Image API requests are failing on us-east-1
Incident Report for Imagizer Cloud
Postmortem

Early this morning, Imagizer Cloud east coast zone underwent a large scale outage. The majority of image requests to our east coast cluster failed with a timeout.

The outage began at 5:50 am PST and ended at 8:10 am PST, affecting all east-coast regional customers.

What and why it happened:

Although there were many factors contributed to the outage, the trigger cause was due to a large increase in resource-intensive requests. The effect of the query overload was a rapid increase in server creation via autoscaling.

Unfortunately, due to an artificial restriction the cluster did not have enough time to scale to absorb all requests coming from HomeSnap.

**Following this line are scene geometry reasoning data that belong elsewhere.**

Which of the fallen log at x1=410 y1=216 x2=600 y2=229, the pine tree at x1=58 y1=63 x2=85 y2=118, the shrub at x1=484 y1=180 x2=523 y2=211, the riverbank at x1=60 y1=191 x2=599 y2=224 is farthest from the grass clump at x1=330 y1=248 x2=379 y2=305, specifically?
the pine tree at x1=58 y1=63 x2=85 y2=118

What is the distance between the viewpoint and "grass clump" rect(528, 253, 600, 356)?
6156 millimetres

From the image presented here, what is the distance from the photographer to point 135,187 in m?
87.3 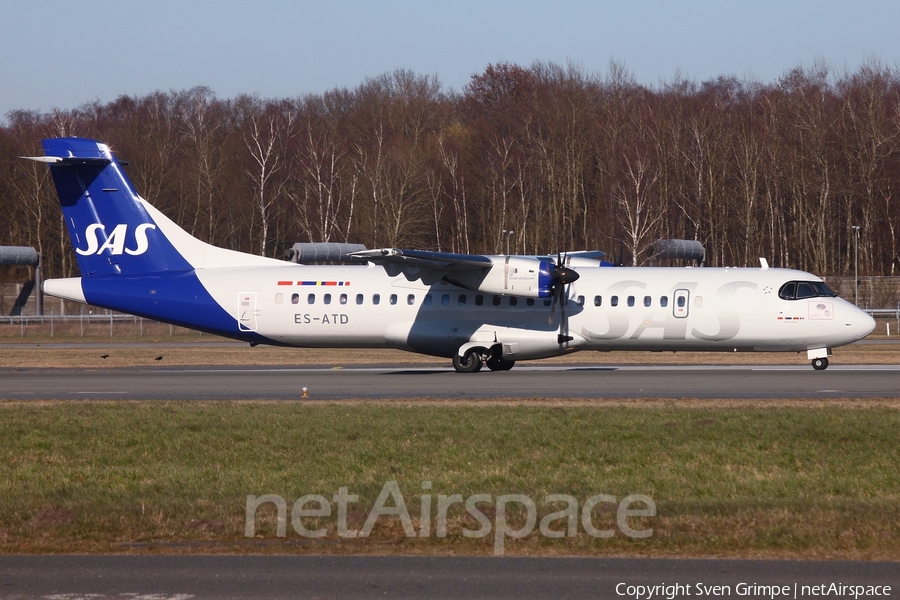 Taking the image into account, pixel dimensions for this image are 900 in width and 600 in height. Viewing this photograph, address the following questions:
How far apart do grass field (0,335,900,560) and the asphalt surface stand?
1.43 ft

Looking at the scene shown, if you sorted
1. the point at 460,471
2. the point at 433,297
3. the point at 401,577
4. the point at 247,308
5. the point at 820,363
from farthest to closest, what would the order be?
the point at 247,308 → the point at 433,297 → the point at 820,363 → the point at 460,471 → the point at 401,577

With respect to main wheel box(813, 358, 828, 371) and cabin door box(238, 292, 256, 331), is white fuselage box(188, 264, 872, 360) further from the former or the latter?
main wheel box(813, 358, 828, 371)

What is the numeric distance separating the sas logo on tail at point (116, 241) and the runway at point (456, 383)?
3.54 metres

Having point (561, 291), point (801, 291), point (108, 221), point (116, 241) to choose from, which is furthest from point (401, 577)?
point (108, 221)

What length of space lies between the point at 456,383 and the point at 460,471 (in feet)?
36.8

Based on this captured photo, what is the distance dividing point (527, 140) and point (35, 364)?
1629 inches

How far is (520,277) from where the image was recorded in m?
25.8

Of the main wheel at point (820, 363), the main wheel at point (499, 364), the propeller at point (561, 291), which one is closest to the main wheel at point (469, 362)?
the main wheel at point (499, 364)

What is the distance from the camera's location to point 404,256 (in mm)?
24969

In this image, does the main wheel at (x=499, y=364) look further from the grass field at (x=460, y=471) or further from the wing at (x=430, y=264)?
the grass field at (x=460, y=471)

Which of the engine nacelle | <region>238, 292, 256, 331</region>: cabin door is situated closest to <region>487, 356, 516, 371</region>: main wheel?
the engine nacelle

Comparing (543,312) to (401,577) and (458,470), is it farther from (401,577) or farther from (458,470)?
(401,577)

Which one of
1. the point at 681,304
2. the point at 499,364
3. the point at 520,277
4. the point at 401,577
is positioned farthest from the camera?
the point at 499,364

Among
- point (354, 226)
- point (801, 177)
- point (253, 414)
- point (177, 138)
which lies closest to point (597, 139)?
point (801, 177) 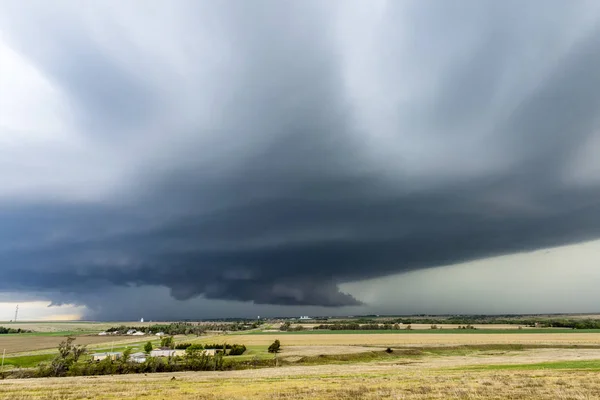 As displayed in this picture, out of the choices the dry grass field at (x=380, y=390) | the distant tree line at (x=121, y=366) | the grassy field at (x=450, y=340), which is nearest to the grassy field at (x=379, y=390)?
the dry grass field at (x=380, y=390)

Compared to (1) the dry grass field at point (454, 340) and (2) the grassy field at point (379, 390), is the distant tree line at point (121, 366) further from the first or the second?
(1) the dry grass field at point (454, 340)

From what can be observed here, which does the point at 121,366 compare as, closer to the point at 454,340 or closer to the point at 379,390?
the point at 379,390

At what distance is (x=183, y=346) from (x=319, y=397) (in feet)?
371

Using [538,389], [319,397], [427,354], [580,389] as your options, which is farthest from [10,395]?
[427,354]

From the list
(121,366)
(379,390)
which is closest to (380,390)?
(379,390)

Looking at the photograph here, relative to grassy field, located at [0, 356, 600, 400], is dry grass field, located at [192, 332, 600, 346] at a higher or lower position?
lower

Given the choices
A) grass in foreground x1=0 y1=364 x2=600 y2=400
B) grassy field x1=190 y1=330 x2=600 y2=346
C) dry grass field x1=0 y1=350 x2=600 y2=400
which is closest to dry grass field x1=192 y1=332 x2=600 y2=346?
grassy field x1=190 y1=330 x2=600 y2=346

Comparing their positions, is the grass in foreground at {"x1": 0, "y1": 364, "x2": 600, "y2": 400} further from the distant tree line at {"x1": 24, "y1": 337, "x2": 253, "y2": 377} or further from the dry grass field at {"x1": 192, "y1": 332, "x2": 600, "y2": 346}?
the dry grass field at {"x1": 192, "y1": 332, "x2": 600, "y2": 346}

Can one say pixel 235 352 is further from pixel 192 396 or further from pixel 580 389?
pixel 580 389

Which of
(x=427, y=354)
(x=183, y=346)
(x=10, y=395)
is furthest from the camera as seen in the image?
(x=183, y=346)

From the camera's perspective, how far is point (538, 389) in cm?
3688

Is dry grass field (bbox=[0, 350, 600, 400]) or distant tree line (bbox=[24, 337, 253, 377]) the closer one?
dry grass field (bbox=[0, 350, 600, 400])

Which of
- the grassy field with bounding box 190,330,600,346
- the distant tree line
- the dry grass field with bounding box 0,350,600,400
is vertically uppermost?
the dry grass field with bounding box 0,350,600,400

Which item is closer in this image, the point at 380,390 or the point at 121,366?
the point at 380,390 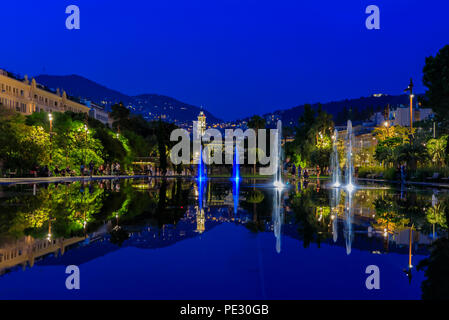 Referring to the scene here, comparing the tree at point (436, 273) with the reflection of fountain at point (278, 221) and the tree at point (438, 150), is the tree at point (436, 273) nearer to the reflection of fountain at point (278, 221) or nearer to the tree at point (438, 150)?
the reflection of fountain at point (278, 221)

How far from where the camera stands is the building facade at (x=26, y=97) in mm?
71144

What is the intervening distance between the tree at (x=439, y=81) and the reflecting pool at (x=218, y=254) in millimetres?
42736

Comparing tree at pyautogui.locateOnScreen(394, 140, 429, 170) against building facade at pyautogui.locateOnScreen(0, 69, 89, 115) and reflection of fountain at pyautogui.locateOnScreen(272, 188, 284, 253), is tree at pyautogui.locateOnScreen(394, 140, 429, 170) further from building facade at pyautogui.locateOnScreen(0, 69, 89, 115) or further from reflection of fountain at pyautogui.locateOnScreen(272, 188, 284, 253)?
building facade at pyautogui.locateOnScreen(0, 69, 89, 115)

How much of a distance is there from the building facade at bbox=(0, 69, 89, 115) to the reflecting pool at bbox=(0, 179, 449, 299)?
Answer: 63.3 m

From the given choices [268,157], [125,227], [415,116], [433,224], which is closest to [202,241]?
[125,227]

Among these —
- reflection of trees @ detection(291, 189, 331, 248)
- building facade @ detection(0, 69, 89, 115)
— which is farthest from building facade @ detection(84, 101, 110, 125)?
reflection of trees @ detection(291, 189, 331, 248)

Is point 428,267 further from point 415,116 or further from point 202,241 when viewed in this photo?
point 415,116

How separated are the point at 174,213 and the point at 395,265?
857cm

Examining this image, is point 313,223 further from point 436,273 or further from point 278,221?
point 436,273

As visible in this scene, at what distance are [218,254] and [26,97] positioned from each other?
80036 millimetres

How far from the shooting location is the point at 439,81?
51.8 metres

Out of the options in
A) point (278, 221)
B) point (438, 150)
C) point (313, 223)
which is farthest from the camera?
point (438, 150)

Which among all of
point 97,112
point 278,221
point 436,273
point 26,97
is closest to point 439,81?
point 278,221

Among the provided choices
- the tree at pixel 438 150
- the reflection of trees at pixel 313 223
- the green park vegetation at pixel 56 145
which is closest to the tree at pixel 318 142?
the tree at pixel 438 150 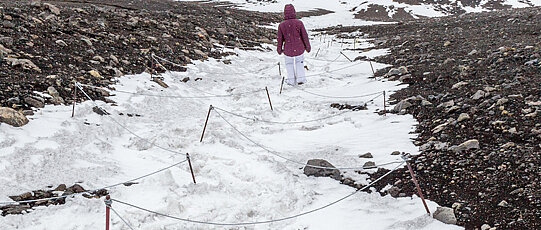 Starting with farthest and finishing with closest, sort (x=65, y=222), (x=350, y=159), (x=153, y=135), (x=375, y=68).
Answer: (x=375, y=68), (x=153, y=135), (x=350, y=159), (x=65, y=222)

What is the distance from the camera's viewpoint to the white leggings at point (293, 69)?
1176 cm

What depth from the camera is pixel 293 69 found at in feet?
39.1

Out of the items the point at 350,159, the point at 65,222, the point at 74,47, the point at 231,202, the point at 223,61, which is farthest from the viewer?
the point at 223,61

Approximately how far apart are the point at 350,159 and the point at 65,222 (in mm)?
4246

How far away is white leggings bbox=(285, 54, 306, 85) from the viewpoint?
11758mm

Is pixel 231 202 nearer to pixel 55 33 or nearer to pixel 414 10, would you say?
pixel 55 33

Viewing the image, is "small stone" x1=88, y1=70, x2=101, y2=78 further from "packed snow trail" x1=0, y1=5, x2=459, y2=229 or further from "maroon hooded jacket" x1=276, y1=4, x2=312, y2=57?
"maroon hooded jacket" x1=276, y1=4, x2=312, y2=57

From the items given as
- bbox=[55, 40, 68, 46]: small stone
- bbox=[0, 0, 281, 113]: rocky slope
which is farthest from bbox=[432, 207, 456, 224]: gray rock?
bbox=[55, 40, 68, 46]: small stone

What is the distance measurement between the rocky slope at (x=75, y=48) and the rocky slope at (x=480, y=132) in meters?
6.70

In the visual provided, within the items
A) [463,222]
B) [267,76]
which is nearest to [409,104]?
Answer: [463,222]

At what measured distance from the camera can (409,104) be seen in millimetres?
7984

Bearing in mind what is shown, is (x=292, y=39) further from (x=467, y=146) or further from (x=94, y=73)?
(x=467, y=146)

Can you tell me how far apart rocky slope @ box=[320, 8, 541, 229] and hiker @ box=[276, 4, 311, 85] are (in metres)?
2.82

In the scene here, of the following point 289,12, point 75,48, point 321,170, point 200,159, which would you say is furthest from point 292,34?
point 321,170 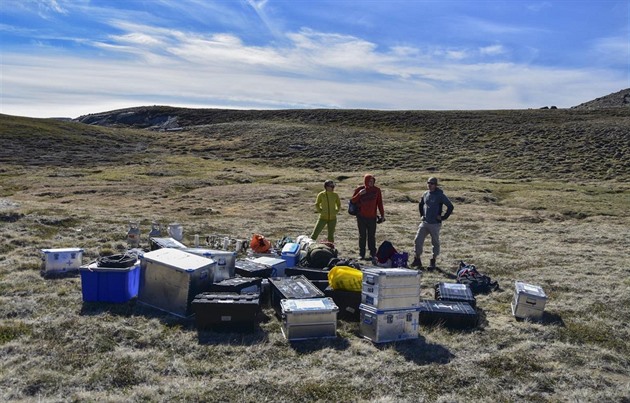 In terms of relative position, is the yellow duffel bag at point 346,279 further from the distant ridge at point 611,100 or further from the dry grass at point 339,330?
the distant ridge at point 611,100

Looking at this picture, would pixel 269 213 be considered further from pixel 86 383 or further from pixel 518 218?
pixel 86 383

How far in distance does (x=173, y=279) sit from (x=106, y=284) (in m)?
1.41

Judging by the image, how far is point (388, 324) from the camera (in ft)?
27.3

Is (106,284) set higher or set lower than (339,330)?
higher

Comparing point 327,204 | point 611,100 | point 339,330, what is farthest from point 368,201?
point 611,100

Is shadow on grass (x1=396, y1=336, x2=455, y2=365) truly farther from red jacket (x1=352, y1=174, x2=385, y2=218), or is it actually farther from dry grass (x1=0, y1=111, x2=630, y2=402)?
red jacket (x1=352, y1=174, x2=385, y2=218)

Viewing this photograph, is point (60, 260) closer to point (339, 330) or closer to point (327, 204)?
point (339, 330)

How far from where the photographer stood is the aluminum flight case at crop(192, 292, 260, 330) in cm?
852

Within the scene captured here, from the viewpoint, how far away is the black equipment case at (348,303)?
30.4ft

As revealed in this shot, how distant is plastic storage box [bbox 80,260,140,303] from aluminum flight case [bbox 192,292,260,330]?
191cm

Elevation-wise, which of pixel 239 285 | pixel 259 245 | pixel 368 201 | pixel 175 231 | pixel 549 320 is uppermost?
pixel 368 201

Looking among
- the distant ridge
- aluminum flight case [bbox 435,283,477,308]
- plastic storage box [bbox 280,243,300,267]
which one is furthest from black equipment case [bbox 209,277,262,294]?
the distant ridge

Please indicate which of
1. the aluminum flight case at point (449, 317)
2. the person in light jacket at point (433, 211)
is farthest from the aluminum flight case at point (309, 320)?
the person in light jacket at point (433, 211)

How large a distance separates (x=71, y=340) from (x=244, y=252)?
6.99m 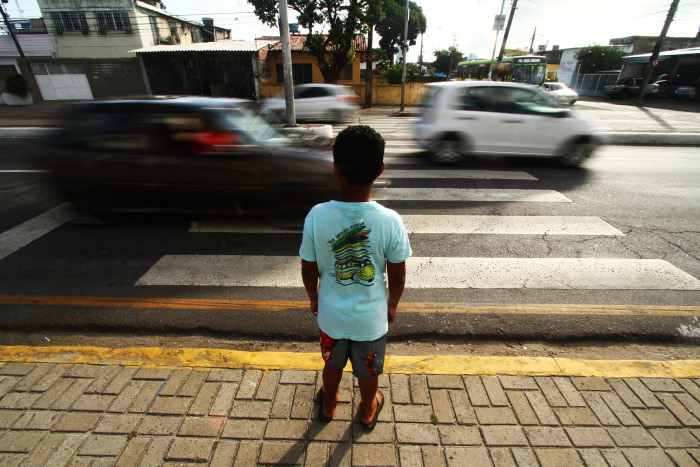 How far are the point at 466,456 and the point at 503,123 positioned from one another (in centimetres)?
674

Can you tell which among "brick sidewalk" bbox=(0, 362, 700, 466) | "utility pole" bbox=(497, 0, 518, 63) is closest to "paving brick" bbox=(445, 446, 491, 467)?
"brick sidewalk" bbox=(0, 362, 700, 466)

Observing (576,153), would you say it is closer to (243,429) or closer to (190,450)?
(243,429)

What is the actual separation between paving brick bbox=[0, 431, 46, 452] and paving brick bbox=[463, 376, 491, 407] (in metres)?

We have also failed to react in time to mitigate the outage.

Immediate action taken:

  • Oncall/Nagios sensitivity boosted.
  • Oncall procedures reviewed with Oncall team.
  • Escalation actions reviewed.
  • Overload mitigation emergency plan reviewed and enhanced.
  • Cluster size restrictions lifted.
  • Server EC2 size doubled.

We take all outages seriously and always work hard on improving our methods to provide safest most stable environment for our clients. With actions taken above, we expect a significant improvement in stability across all of our services with minimal if any disruption in the future.

Posted Jun 18, 2019 - 16:41 PDT

Resolved
The majority of requests to our image API are failing with a timeout
Posted Jun 12, 2019 - 05:50 PDT